L’opera di Mariella Flammà “Riflesso”

Il linguaggio è scorrevole e ricco di termini che rendano evidente gli stati d’amino del protagonista. La presenza di Melina, Marinella e Maria, le donne amate dal poeta, crea un clima intrigante e avvincente, basato sullo stato di conflitto e un dissidio interiore con il quale il protagonista dovrà convivere. In tutti questi mutamenti e avvicendamenti, interessanti e particolareggiati sono le descrizioni paesaggistiche, le descrizioni psicologiche degli stessi personaggi e l’indoramento di qualche episodio amoroso che potrebbe scivolare in situazioni troppo osé. «Ho voluto pubblicare questo romanzo – spiega l’autore- pensando ai giovani, con l’augurio e la speranza che certi atteggiamenti, amori, sogni e illusioni possano continuare a essere vissuti con l’ardore di sempre e rimanere intatti nelle future generazioni».Questi ricordi, scritti anche in forma romanzata, dove emerge una società dedita al lavoro e alla famiglia, in un periodo di boom economico, dove l’amicizia era sacra e dove l’amore era il motore che spingeva il mondo, devono essere da monito alle nuove generazioni, in un periodo storico dove i valori e gli ideali di una volta si stanno .

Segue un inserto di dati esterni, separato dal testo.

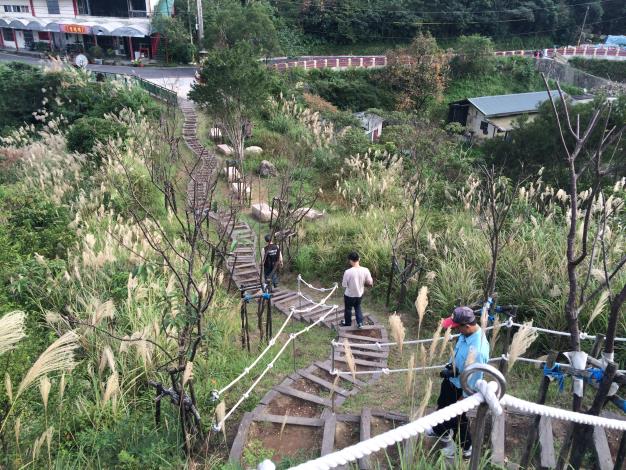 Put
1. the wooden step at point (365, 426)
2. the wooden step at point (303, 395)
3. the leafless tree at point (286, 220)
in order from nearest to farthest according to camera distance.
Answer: the wooden step at point (365, 426) < the wooden step at point (303, 395) < the leafless tree at point (286, 220)

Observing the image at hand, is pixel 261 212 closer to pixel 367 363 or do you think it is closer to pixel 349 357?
pixel 367 363

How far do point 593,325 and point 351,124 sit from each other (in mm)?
13131

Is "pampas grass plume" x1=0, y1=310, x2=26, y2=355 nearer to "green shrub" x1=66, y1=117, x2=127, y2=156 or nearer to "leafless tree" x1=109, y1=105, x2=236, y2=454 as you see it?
"leafless tree" x1=109, y1=105, x2=236, y2=454

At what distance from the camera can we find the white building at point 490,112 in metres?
24.2

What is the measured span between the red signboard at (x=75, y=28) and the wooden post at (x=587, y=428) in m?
33.3

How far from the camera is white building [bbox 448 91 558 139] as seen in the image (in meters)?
24.2

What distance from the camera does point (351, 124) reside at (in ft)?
56.0

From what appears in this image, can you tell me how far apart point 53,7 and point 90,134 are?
86.3 ft

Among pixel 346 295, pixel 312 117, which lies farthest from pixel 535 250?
pixel 312 117

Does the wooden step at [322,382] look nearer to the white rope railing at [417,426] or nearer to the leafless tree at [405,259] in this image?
the leafless tree at [405,259]

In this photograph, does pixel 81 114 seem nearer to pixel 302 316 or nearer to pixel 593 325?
pixel 302 316

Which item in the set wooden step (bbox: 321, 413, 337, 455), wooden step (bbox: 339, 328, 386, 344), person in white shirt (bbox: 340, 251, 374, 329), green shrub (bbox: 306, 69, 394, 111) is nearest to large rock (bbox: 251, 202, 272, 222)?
person in white shirt (bbox: 340, 251, 374, 329)

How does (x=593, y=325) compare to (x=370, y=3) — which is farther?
(x=370, y=3)

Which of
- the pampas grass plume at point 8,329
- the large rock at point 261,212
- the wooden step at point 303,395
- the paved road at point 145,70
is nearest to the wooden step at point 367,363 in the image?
the wooden step at point 303,395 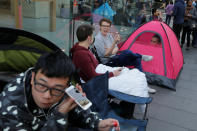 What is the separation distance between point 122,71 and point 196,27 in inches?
223

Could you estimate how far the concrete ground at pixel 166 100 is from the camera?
10.3 feet

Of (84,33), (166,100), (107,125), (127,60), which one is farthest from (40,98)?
(166,100)

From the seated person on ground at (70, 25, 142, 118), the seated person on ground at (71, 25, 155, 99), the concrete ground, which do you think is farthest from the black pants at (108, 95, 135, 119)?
the concrete ground

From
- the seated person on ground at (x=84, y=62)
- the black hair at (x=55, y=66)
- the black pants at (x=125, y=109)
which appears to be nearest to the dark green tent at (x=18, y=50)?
the seated person on ground at (x=84, y=62)

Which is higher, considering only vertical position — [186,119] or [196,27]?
[196,27]

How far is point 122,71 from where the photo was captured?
2.76m

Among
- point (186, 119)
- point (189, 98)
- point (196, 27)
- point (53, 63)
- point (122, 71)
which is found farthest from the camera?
point (196, 27)

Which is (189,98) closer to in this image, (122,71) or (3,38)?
(122,71)

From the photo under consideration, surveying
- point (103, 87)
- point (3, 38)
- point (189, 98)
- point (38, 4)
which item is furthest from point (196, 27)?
point (3, 38)

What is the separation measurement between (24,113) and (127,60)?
2168mm

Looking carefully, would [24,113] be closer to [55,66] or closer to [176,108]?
[55,66]

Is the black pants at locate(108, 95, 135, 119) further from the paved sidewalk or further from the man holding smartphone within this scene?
the man holding smartphone

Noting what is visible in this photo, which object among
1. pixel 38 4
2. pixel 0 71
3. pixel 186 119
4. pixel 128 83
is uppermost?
pixel 38 4

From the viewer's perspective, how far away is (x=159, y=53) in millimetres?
4434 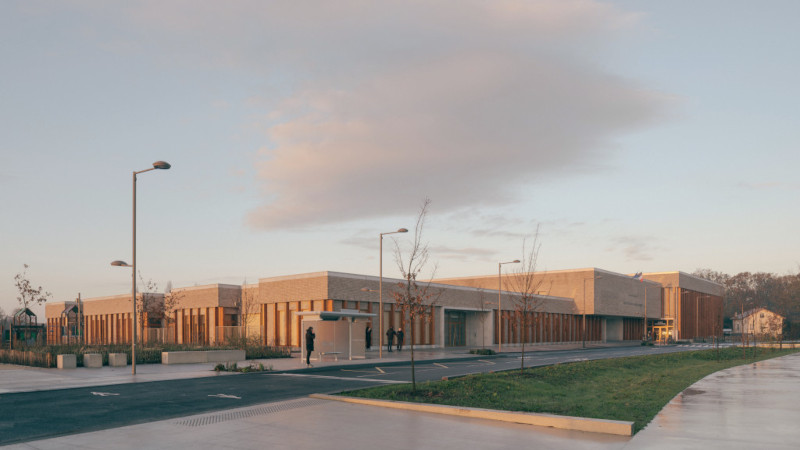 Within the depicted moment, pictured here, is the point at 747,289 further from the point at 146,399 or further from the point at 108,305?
the point at 146,399

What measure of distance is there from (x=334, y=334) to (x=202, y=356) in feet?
21.9

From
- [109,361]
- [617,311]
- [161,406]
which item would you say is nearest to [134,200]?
[109,361]

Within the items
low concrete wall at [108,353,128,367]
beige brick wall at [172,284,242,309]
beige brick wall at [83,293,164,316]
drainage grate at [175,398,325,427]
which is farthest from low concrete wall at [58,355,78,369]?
beige brick wall at [83,293,164,316]

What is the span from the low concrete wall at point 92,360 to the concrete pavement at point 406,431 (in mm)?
16390

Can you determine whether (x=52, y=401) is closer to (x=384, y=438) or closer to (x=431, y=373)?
(x=384, y=438)

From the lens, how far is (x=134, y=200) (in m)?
24.0

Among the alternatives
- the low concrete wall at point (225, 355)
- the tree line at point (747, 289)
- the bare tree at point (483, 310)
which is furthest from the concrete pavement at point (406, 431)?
the tree line at point (747, 289)

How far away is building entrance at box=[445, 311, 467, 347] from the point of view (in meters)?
57.2

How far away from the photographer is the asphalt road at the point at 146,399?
1239 centimetres

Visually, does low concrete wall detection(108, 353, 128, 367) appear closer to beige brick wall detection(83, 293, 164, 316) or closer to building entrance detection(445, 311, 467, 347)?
building entrance detection(445, 311, 467, 347)

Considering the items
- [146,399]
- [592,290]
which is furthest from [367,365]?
[592,290]

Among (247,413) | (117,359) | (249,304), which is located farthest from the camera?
(249,304)

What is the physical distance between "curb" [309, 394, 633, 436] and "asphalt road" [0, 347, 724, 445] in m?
4.07

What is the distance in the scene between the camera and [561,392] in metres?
17.8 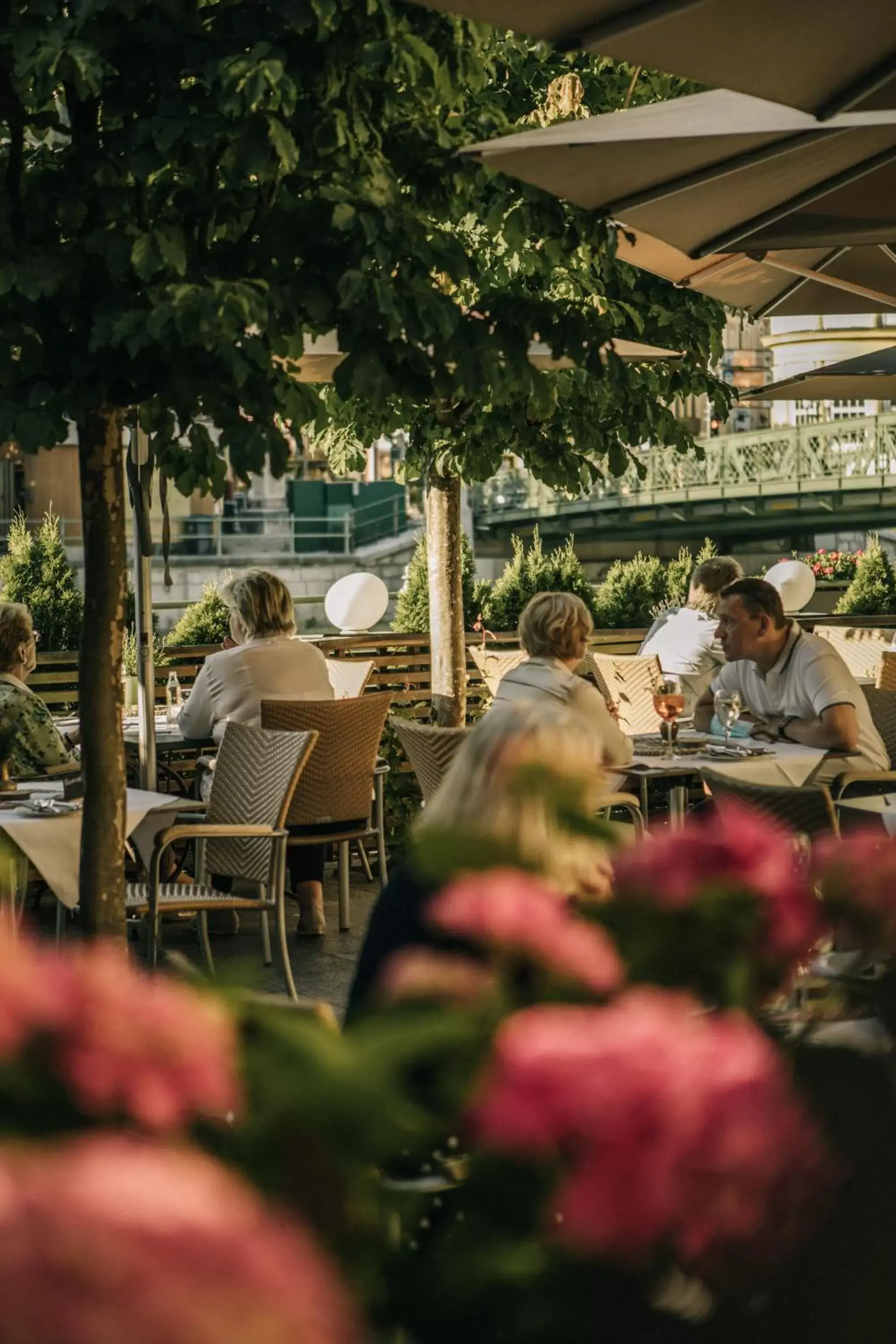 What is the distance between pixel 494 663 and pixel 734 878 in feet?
28.9

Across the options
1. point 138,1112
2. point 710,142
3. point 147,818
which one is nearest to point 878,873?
point 138,1112

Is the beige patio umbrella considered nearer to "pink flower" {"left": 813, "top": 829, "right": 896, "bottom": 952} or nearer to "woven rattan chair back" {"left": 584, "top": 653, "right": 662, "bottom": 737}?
"woven rattan chair back" {"left": 584, "top": 653, "right": 662, "bottom": 737}

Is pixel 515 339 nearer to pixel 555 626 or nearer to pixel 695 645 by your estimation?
pixel 555 626

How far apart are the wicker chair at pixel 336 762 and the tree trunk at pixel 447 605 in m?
1.52

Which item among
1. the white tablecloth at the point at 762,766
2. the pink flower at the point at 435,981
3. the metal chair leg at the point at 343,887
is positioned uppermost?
the pink flower at the point at 435,981

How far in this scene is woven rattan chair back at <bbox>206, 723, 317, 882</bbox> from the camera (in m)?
6.32

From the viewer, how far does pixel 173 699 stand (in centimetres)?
947

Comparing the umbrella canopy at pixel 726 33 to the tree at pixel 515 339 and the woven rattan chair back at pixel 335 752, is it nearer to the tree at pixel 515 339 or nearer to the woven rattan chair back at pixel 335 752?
the tree at pixel 515 339

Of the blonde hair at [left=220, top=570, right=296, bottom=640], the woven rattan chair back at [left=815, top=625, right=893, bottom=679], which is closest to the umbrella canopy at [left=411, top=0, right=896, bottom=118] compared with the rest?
the blonde hair at [left=220, top=570, right=296, bottom=640]

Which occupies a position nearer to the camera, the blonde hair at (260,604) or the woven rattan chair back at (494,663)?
the blonde hair at (260,604)

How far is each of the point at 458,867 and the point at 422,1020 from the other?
0.27 metres

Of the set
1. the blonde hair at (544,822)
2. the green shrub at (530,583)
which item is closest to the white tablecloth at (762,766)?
the blonde hair at (544,822)

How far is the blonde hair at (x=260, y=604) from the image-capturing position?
782cm

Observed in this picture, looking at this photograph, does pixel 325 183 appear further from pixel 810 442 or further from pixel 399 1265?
pixel 810 442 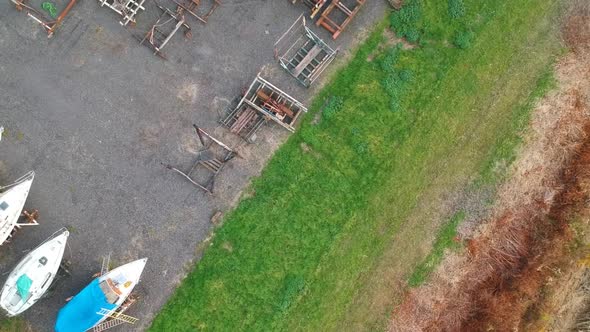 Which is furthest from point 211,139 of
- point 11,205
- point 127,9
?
point 11,205

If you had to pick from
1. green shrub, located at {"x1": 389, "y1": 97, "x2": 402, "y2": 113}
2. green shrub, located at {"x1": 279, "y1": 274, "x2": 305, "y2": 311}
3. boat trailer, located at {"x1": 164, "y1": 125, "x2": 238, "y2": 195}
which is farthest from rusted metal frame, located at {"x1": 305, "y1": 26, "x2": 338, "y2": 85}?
green shrub, located at {"x1": 279, "y1": 274, "x2": 305, "y2": 311}

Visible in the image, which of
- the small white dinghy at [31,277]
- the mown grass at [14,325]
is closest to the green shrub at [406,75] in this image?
the small white dinghy at [31,277]

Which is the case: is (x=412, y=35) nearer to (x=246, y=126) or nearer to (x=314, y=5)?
(x=314, y=5)

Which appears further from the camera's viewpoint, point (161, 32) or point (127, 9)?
point (161, 32)

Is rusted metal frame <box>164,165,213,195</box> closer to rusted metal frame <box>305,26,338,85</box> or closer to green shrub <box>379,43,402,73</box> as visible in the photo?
rusted metal frame <box>305,26,338,85</box>

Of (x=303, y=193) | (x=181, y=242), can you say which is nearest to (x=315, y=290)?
(x=303, y=193)

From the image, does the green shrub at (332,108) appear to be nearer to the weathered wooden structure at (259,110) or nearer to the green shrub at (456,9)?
the weathered wooden structure at (259,110)

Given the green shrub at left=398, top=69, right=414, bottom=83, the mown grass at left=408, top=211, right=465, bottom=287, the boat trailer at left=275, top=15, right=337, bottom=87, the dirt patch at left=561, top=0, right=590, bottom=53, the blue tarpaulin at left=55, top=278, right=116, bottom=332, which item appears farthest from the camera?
the dirt patch at left=561, top=0, right=590, bottom=53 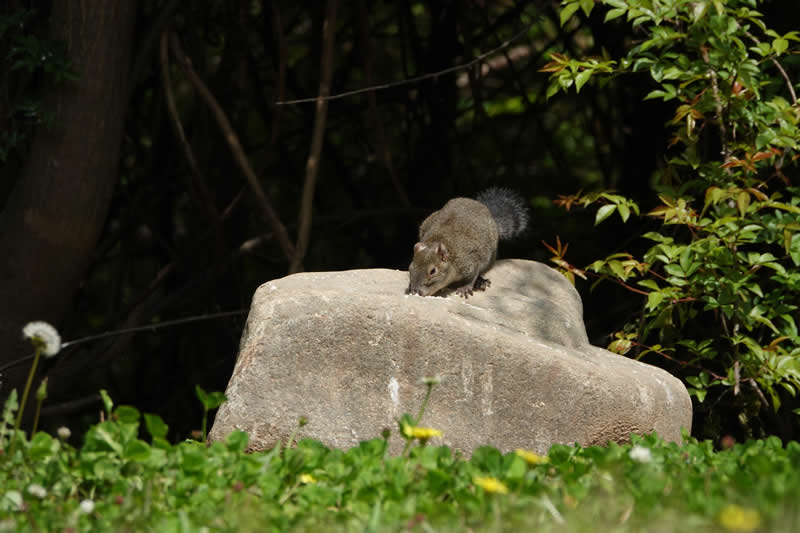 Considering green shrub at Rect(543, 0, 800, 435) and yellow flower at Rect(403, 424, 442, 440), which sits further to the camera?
green shrub at Rect(543, 0, 800, 435)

Particolare dell’opera “Riflesso”

Nella copertina anteriore del libro è raffigurato il particolare dell’opera di Mariella Flammà dal titolo “Riflesso”. «L’opera è stata eseguita nel settembre 2016- spiega ai presenti la pittrice- ed è stata realizzata con tecnica mista. Il formato a rettangolo del dipinto incornicia una porzione di uno stagno in primo piano. Sulla sua superficie.  si riflettono i riflessi della luce mossi dalle increspature prodotte dal vento, sul quale emerge un riflesso femminile. Osservando l’opera, dipinta con pennellate ampie e libere, l’attenzione dello spettatore è assorbita dal gioco di luci e di colori che vibrano nell’acqua, proprio come i ricordi che balzano e in un istante fanno riemergere eventi di vita vissuta».

Il libro è disponibile nelle librerie barresi e presso lo stesso autore.